En seconde partie de concert, la déception est à nouveau au rendez-vous. La Symphonie «Titan» de Mahler décrite par le compositeur «comme un bruit de nature» ne convainquait à aucun moment. Le premier mouvement peinait à trouver ses marques et ses fanfares, comme ses traits de clarinettes, semblaient comme perdus et triviaux, sans ligne directrice. Le deuxième mouvement était un peu mieux réussi, donnant même lieu à d’assez beaux tutti orchestraux. Mais l’errance reprenait dès le début du troisième mouvement, le fameux Frère Jacques, à cause d’une entrée imprécise de la contrebasse solo et, là encore, du fait d’une exécution très imparfaite: entrées floues des bois, cordes au son banal, cuivres sonores mais un peu rustres, percussions brutales... Le dernier mouvement, par nature plus spectaculaire, parvenait à faire son effet même si, là encore, la réalisation orchestrale n’était pas du niveau attendu.

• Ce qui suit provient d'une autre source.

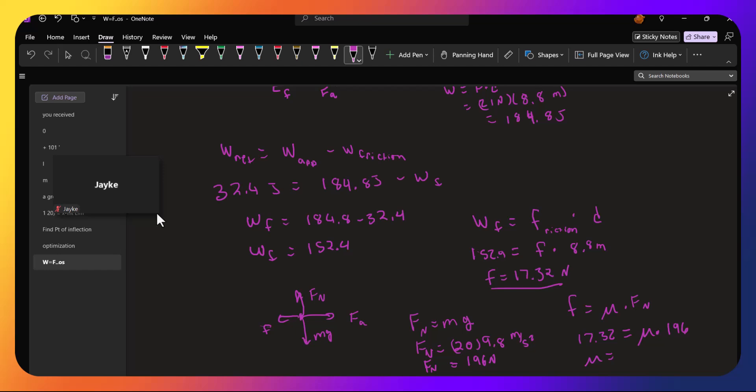Which is 0.088, which seems awfully small, but it is a sled on snow, so it might actually be that small, 0.088367. So if you're still there, I'm going to wait and have you tell me whether or not this is right or not.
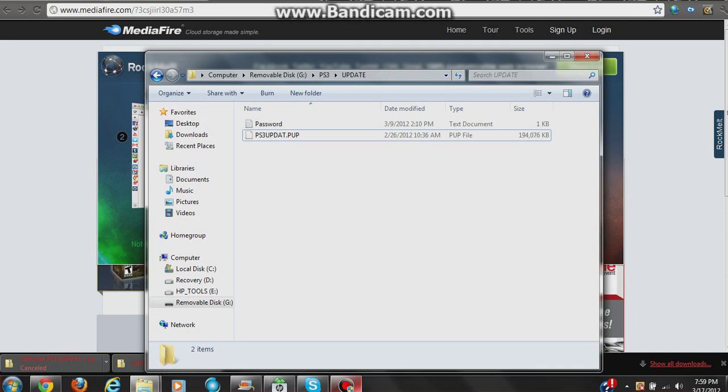Alright, so you're going to go to System, the System Update option. Yeah, System Update, then you're going to go to Update via Storage Media.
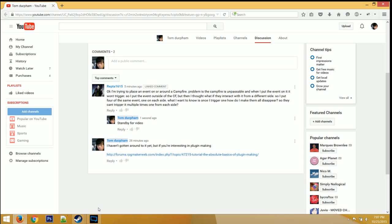So his question is, he places an event around a campfire. The campfire is unpassable, so he places four events around it. But he wants to know, how do you make them all disappear once one of them is triggered?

Ce concert décevant interroge à plus d’un titre. Ces interprètes ne tourneraient-ils pas en rond, peut-être du fait d’une routine qui ne les rendrait pas à l’aise avec le répertoire non russe? De plus, si la gestique d’un chef n’est pas tout, force est de reconnaître que celle de Yuri Temirkanov, pour le moins inhabituelle, n’aide pas à la précision. Enfin, le passage récent à Paris d’orchestres symphoniques de niveau exceptionnel (Leipzig, Cleveland) et formidablement préparés accentue probablement la perception de la différence de niveau, sans même parler de l’acoustique sèche du TCE, qui ne valorise pas les ensembles symphoniques. Un rendez-vous raté donc. Souhaitons que cet ensemble au passé prestigieux trouve bientôt les moyens de regarder à nouveau vers l’avenir.